Cults are like drug dealers. It is relatively quick and easy to rise up the ranks and it needs to be because burn out and atrophy is intense.
A gifted 20 odd year old could easily find themselves in a position near to or beside the cult elite ... even if it might take them a little bit longer and leaving to work out what was going on as they lack alternative 'real life' experience. A bit like a large proportion of Wikipedians, it seems.
It is only after they gain that alternative 'real life' experience that they can then make and judge the cult experience and see it for what it was. Of course, the cults try and stop individuals from gaining that.
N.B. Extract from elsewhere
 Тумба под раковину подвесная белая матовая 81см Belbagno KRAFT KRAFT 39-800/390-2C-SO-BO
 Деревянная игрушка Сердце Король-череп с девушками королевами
The Church of Scientology has very obviously, by their own actions, loaded the entirely 'society versus "the cults"' discussion so as to make it almost impossible to have. Which is perhaps what they wanted.
The same kind of thing goes on on the Wikipedia all the time. If it not possible to seed doubt to disarm an exposé, then sub-consciously even, they seek to make discussion impossible.
If the Church of Scientology are the embodiment of the "masculine form" of cult activity, i.e. hard, aggressive, dominant; the
Brahma Kumaris are the equal and opposite but same, the "feminine embodiment" of the cultic principle. And the same kind of dynamics are going on. I believe Cirt, in a previous incarnation, also had a minor dabble in that cult war but left it as 'a bridge too far' in wider society's defence against cultic encroachment on its commonwealth.
I can understand why someone might be motivated to defend society from the encroachment of cultic memes into the realm of common understanding.